### RECORD EXCERPTS ###

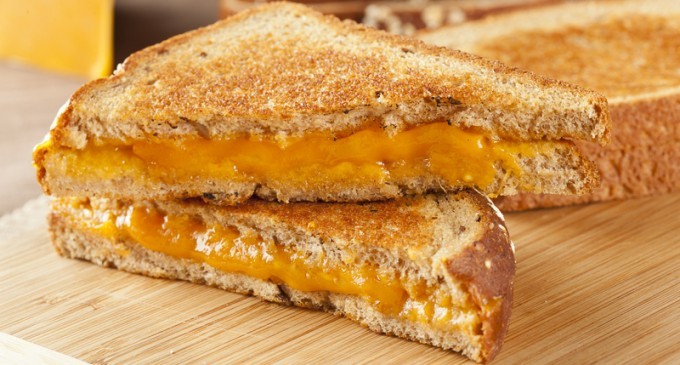 Skip The Butter & Use This On Your Grilled Cheese Sandwich Instead: You Won’t Believe The Difference!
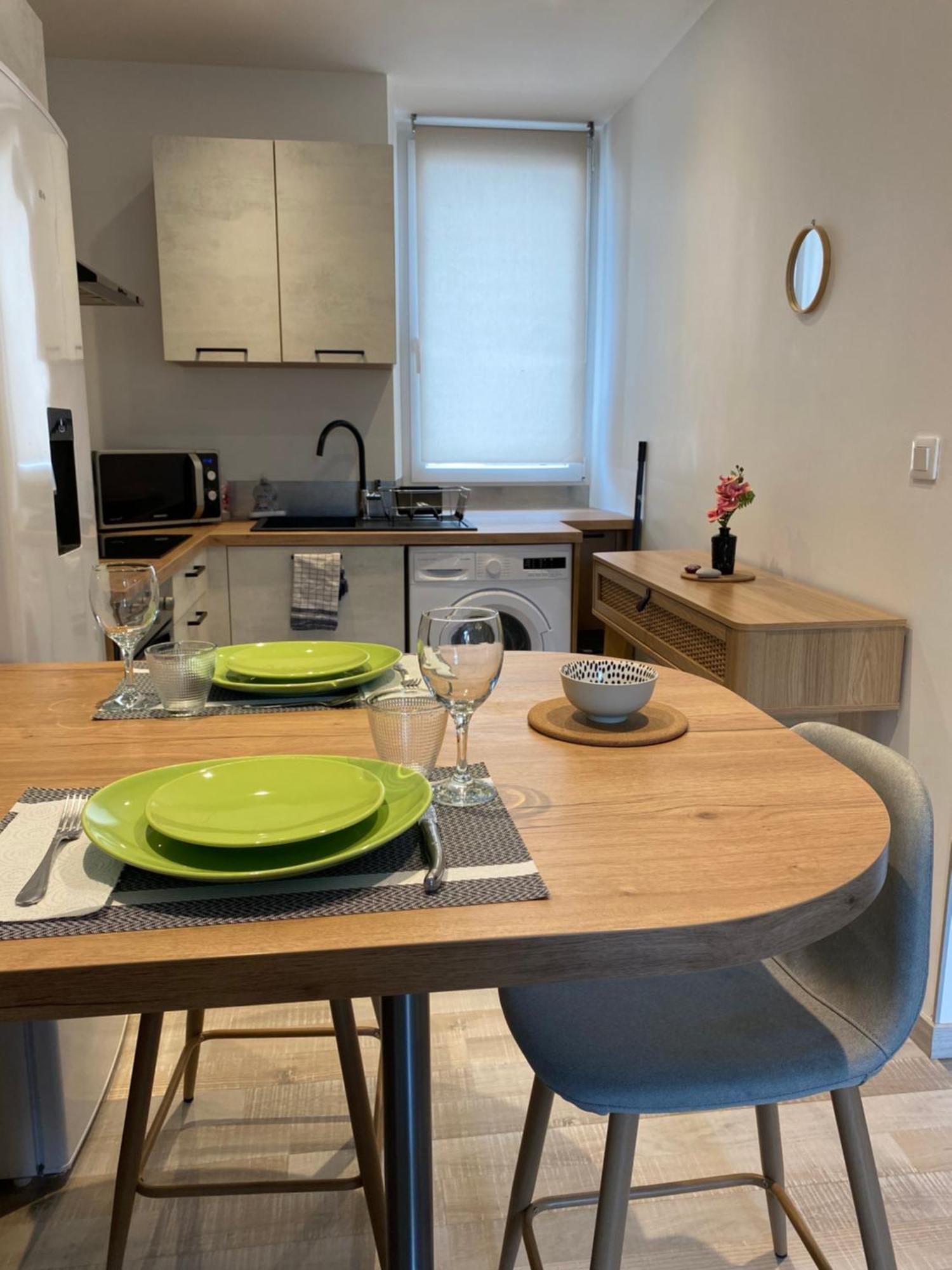 Verger - Parking Gratuit - Calme Apartment
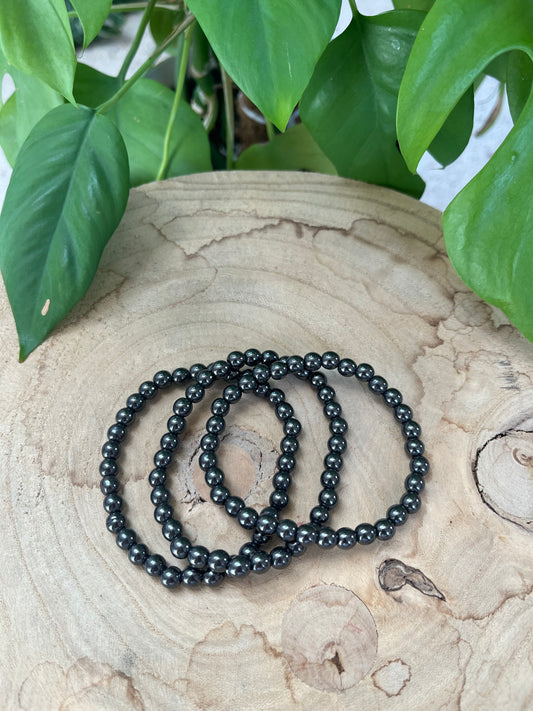 Hämatit Kugelarmband 6 mm – Edelstein Schmuck für Schutz & Stärke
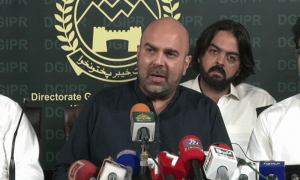 خیبرپختونخوا، پنجاب حکومت کا وفاق پر فنڈز روکنے کا الزام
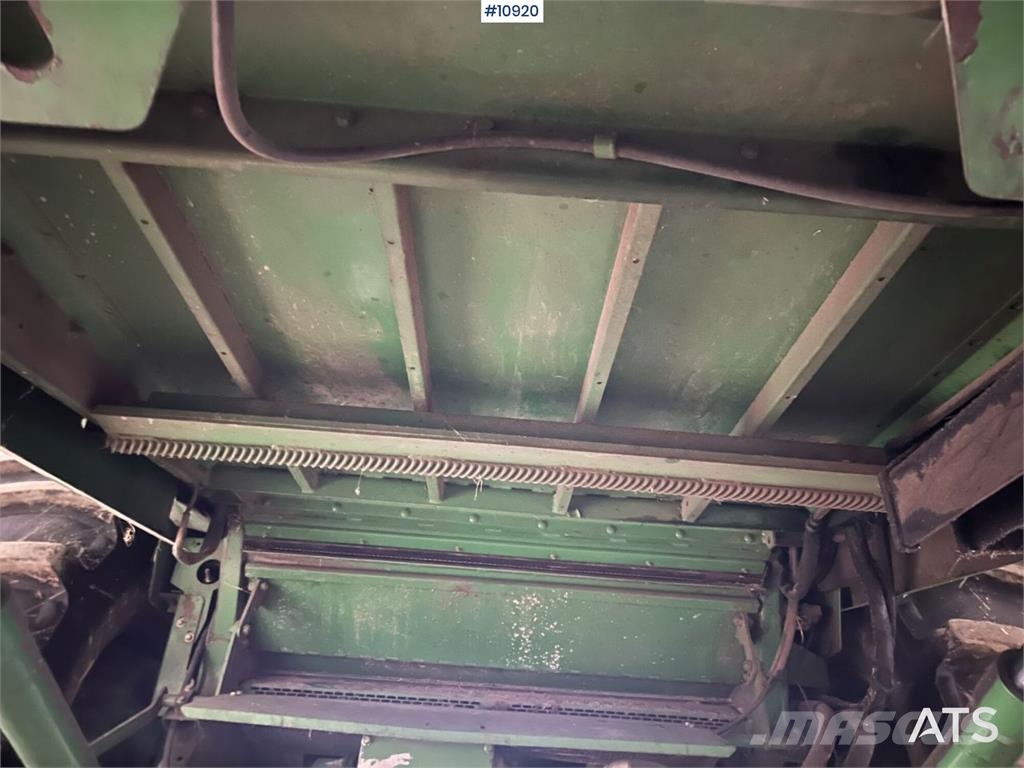 John Deere W540 حصادات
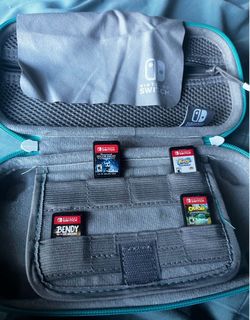 Nintendo Switch Carrying Case with 4 Games
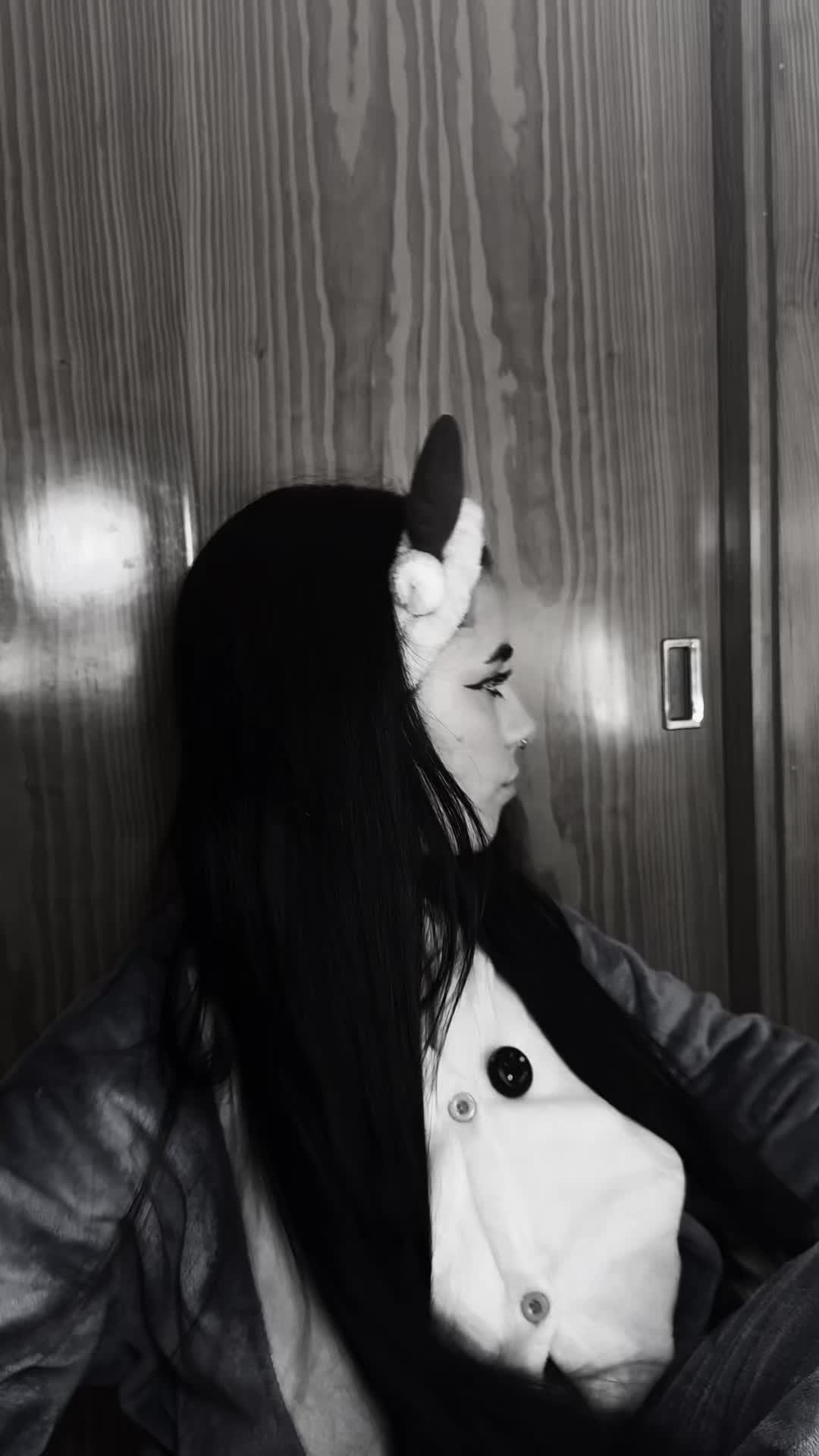@23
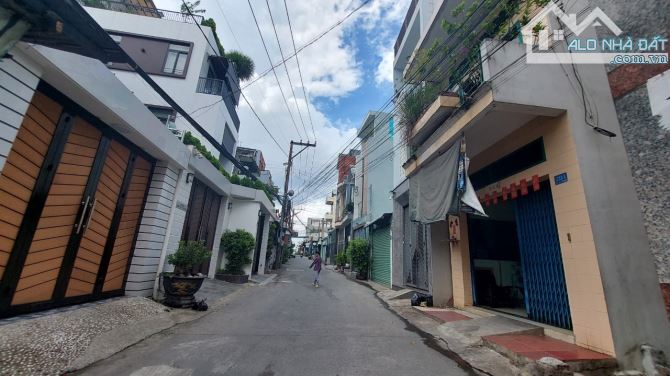 Bán nhà giá rẻ  phường Bình Đa. Biên Hòa.Cách Phạm Văn Thuận chỉ 200m  + Diện tích 80 - 2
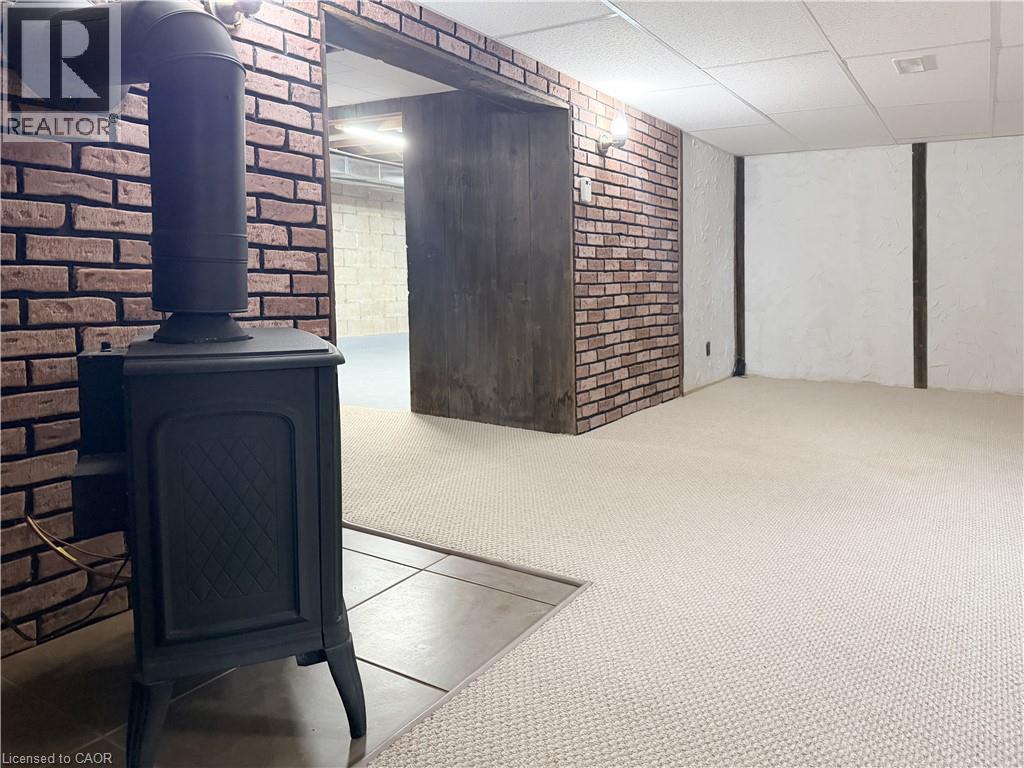 181 Montclair Crescent — photo 34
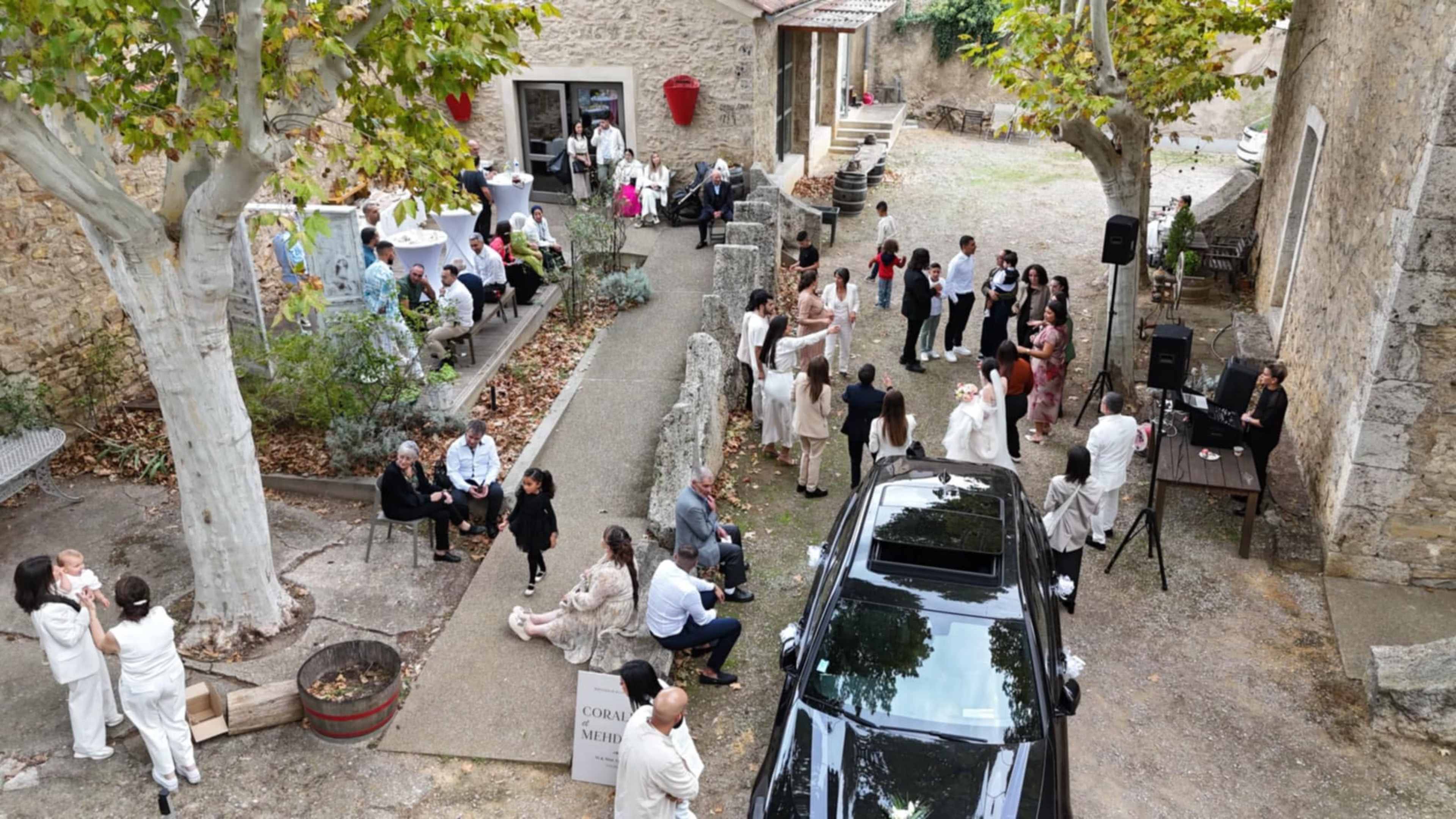 Ancien domaine viticole réhabilité en 5 appartements 4 & 5 étoiles Image in , FABREZAN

###

_TASK TO CARRY OUT_.
Reproduce the entries above exactly, though not their pictures.

_ANSWER BOX_.
 Skip The Butter & Use This On Your Grilled Cheese Sandwich Instead: You Won’t Believe The Difference!
 Verger - Parking Gratuit - Calme Apartment
 Hämatit Kugelarmband 6 mm – Edelstein Schmuck für Schutz & Stärke
 خیبرپختونخوا، پنجاب حکومت کا وفاق پر فنڈز روکنے کا الزام
 John Deere W540 حصادات
 Nintendo Switch Carrying Case with 4 Games
@23
 Bán nhà giá rẻ  phường Bình Đa. Biên Hòa.Cách Phạm Văn Thuận chỉ 200m  + Diện tích 80 - 2
 181 Montclair Crescent — photo 34
 Ancien domaine viticole réhabilité en 5 appartements 4 & 5 étoiles Image in , FABREZAN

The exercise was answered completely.